$\sqrt{x + \sqrt{2x -1}} + \sqrt{x- \sqrt{2x-1}} = A $ I am puzzling over the following problem, which involves an equation of the form:
$$\sqrt{x + \sqrt{2x -1}} + \sqrt{x- \sqrt{2x-1}} = A $$
The problem involves finding real values of x corresponding to 
A = $ \sqrt{2}$, A = 1, and A = 2, where the roots must be of non-negative real numbers.

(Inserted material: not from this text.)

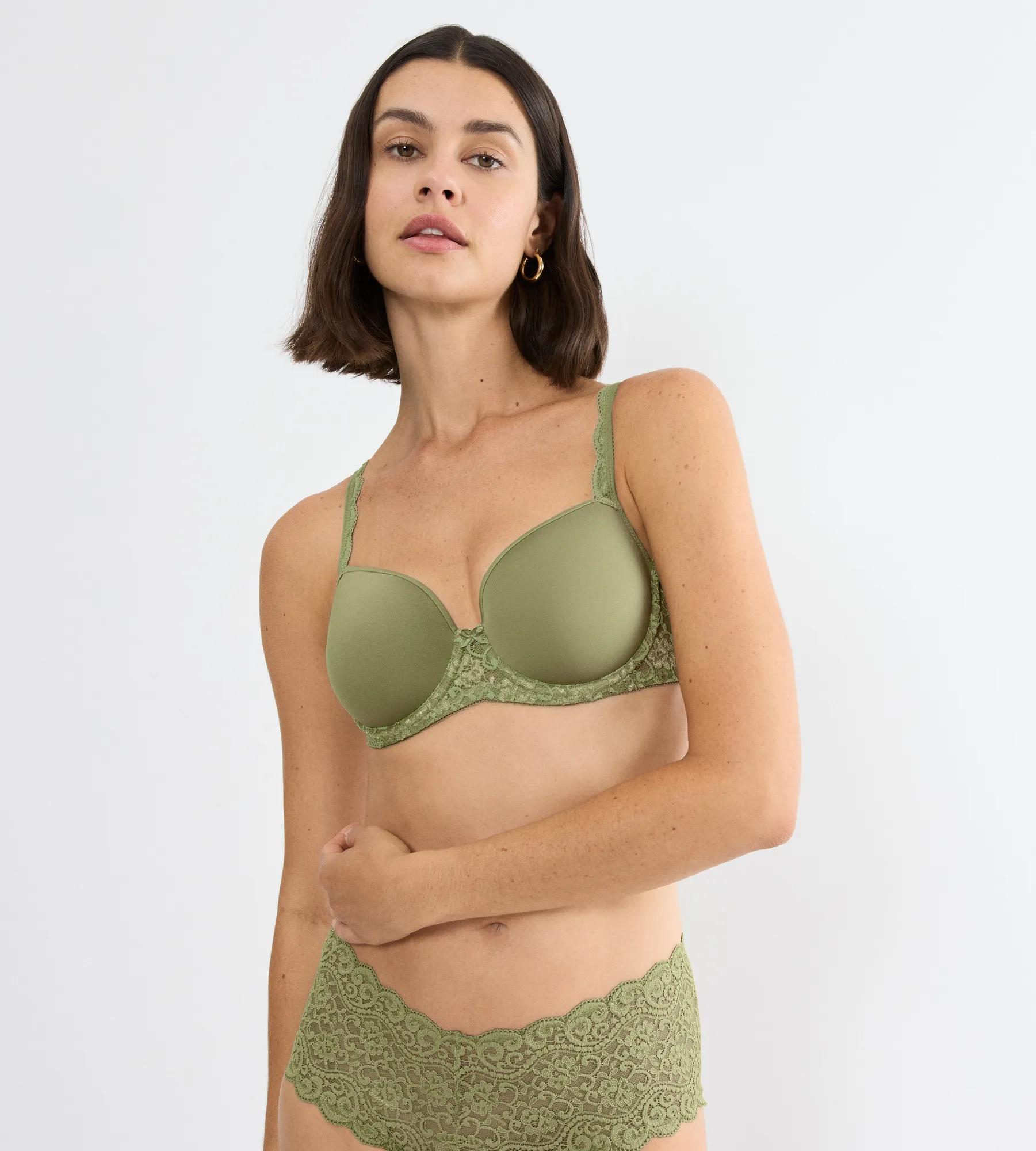 Amourette  Padded bras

So far, I have found that A = $\sqrt{2}$ when x = 1:
$$\sqrt{1 + \sqrt{2(1) -1}} + \sqrt{x- \sqrt{2(1)-1}} = \sqrt{1 + 1} + \sqrt{1 - 1} = \sqrt{2}   $$
But it is not so obvious to me how to go about obtaining values of x when A = 1, or A = 2, for example. And how can I be certain that I have found all values of x, if there is more than one? And how can I be absolutely sure that there is only one solution? 
And if we think about it the other way around- in general, for which values of A are there solutions?
Some thoughts on any of the above would be much appreciated!
 A: Hint: If you square the equation, you get that
$$2x + 2 |1-x| = A^2 $$
Question: Does every solution to the above equation become a solution to the original equation? Why, or why not?
Consider $x= 0$, $x=0.5$, $x=1$, $x=\sqrt{2}$, $x = \sqrt{2}$, $x = \frac{e}{\pi}$ etc...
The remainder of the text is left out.